LOCAL landmarks give places an identity, besides reminding us of the past.
So, when obvious historic reminders disappear, often soon do our memories.
The past becomes a different country as familiar sites are soon forgotten as frequently as prominent pioneering families.
One such landmark springing to mind is the former Wheat Sheaf (or Wheatsheaf) Inn on Maitland Road, at Hexham, once run by popular publican John Hannell (1815-1891).
Erected in 1856, the imposing, two-storey hotel was the second one locally to carry the same name. Both were run by jovial mine host, John Hannell.
Known as the Halfway House or ‘The House that Jack Built’, it became the changing post for coach horses on the Newcastle-Maitland journey in the colonial era.
John Hannell had moved from Newcastle to Hexham in 1843 to operate the original Wheat Sheaf Inn owned by the Sparke family in the 1830s. This was later destroyed by fire in 1853.
The colourful Hannell also kept very busy. In 1849 he even had a racecourse attached to his original hotel.
Two years earlier, he advertised having a “safe and commodious” punt for horses, carriages and drays between his hotel and the opposite shore.
These were the days long before any bridge existed in Hexham.
The solid, rebuilt Wheat Sheaf Inn finally became Hannell’s family home instead and was renamed Riverview, or Hannell House. It was demolished in 1960 and with it went many memories of those early Lower Hunter pioneers, the Hannell family.
After writing recently about how the hotel suffered in the mighty 1955 Maitland flood, I received an email offering more insights into the influential Hannell clan.
“My name is Robert J. ‘Bob’ Suker and I am the great, great, great grandson of Hexham publican John Hannell. I was very happy to read your article ‘Life by the river’ in Saturday’s Weekender.
“John Hannell was quite the sportsman and, as publican of the Wheat Sheaf hotel, was a cunning fellow. During the period around 1850, there was a great shortage of copper coins in the country and he countered this by producing his own system of written IOUs for change,” Suker wrote.
“But, to the chagrin of all, these IOUs could ONLY be redeemed at the Wheat Sheaf hotel. A very smart operator, eh?

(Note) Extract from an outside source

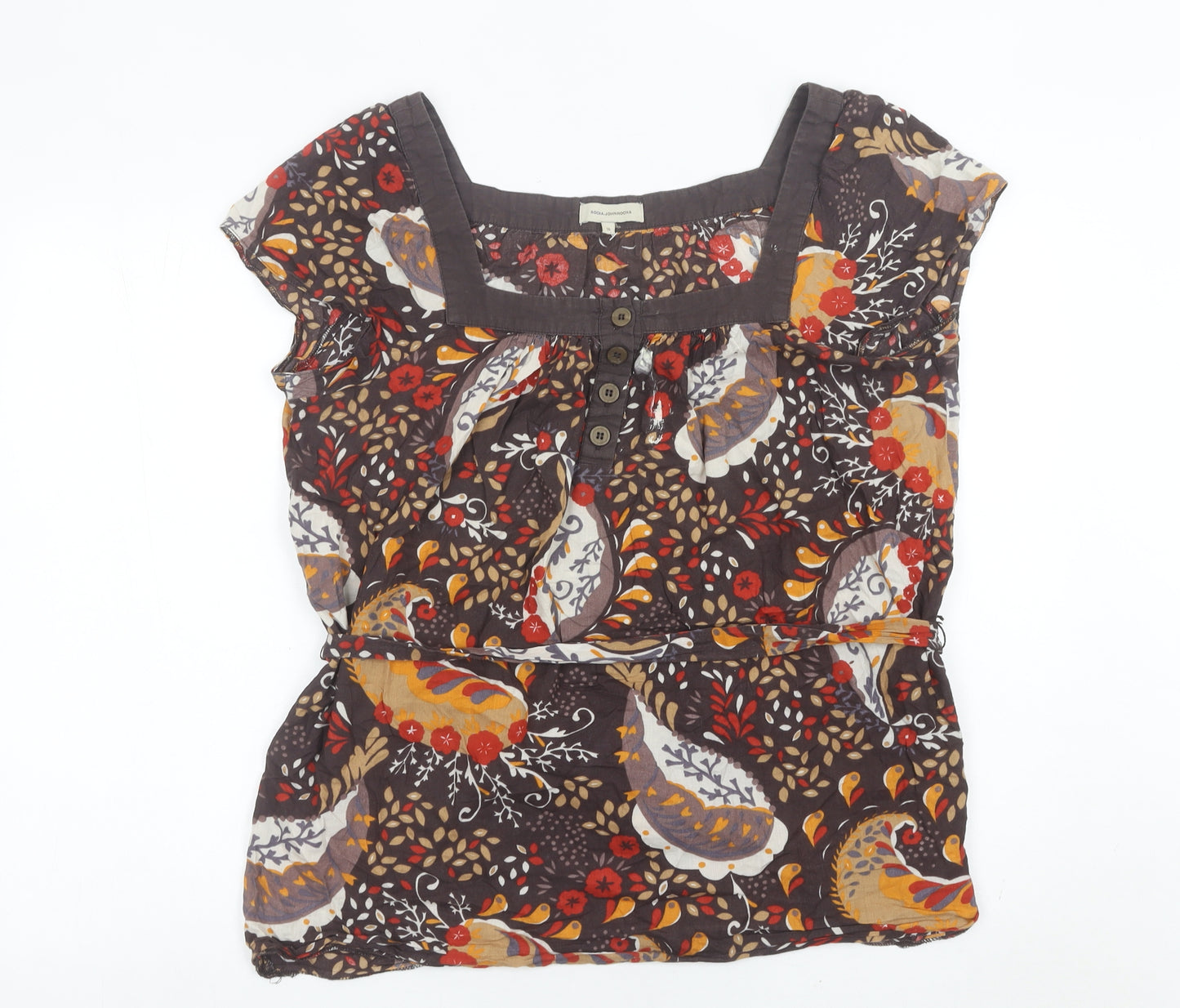 Rocha John Rocha Women’s Brown Paisley Cotton Tunic Blouse Size 16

“John, apart from his racetrack and being a river pilot of note, also sailed his boat ‘Bee’ to win his own sponsored race (said to be Newcastle’s first regatta) in April 1845.”
Suker said John was a son of Elizabeth Hannell and James Walton from a defacto relationship.

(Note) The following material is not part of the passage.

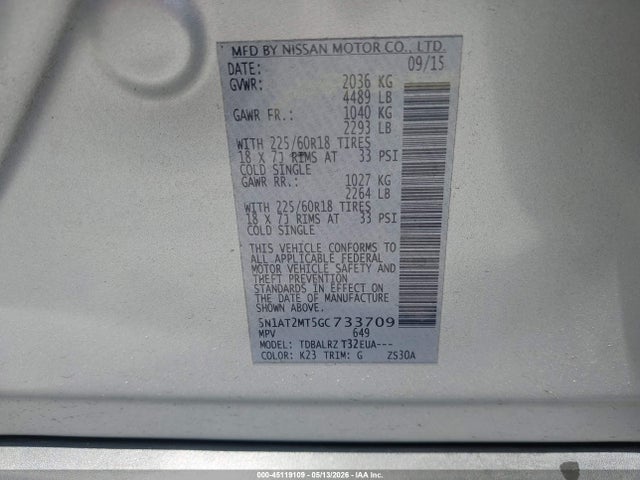 Aukcja sprzedaży 2016 Nissan Rogue Sl, vin: 5N1AT2MT5GC733709, numer aukcji: 45119109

With his fellow Parramatta-born brothers, James and Jesse, he eventually followed his convict mother to Newcastle around the 1830s where they changed their name to Hannell, rather than use their birth names of Walton.
Suker said that they had wanted to sever ties with their father who was a maligned scourger, or whipper to punish convicts.

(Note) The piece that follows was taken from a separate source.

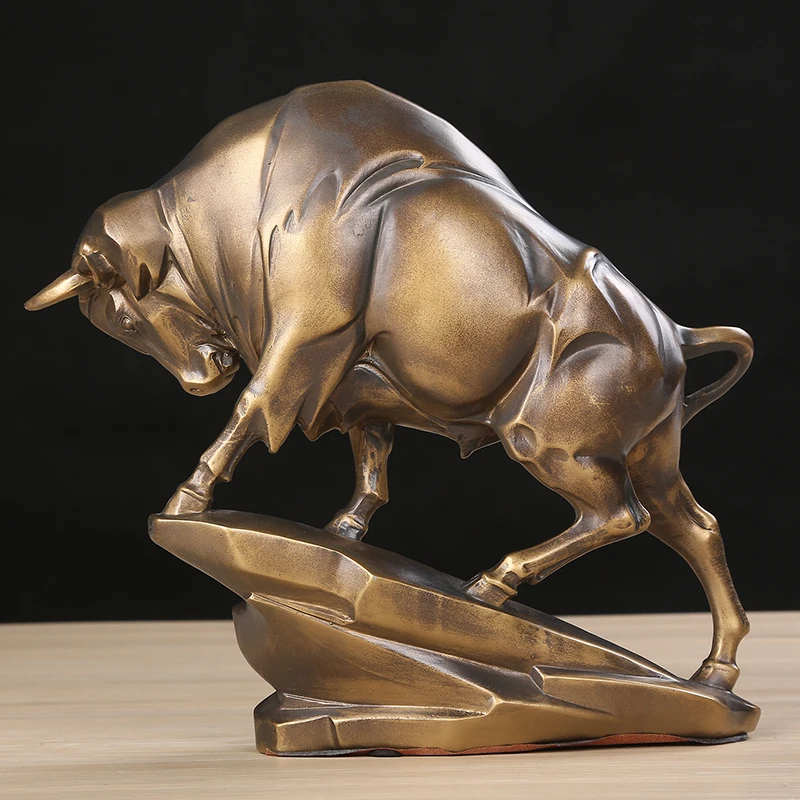 Скульптура быка статуя бира из смолы ручной работы декор для комнаты дикой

“Elizabeth had been re-sentenced, for her part in another crime, to ‘life’ and it happened to be in the convict outpost of Newcastle in 1820.
“The three boys became men, and later assumed positions of great respect in Newcastle. James Hannell (the eldest) became the first Mayor of both Newcastle and Wickham, as well as an MP – the second for Newcastle, I believe,” Suker wrote.
“He was probably our first auctioneer, founder of the Newcastle Cricket Club, a prominent founding father of the Newcastle Jockey Club, founder of the Newcastle Regatta club as well as being a hotelier of note.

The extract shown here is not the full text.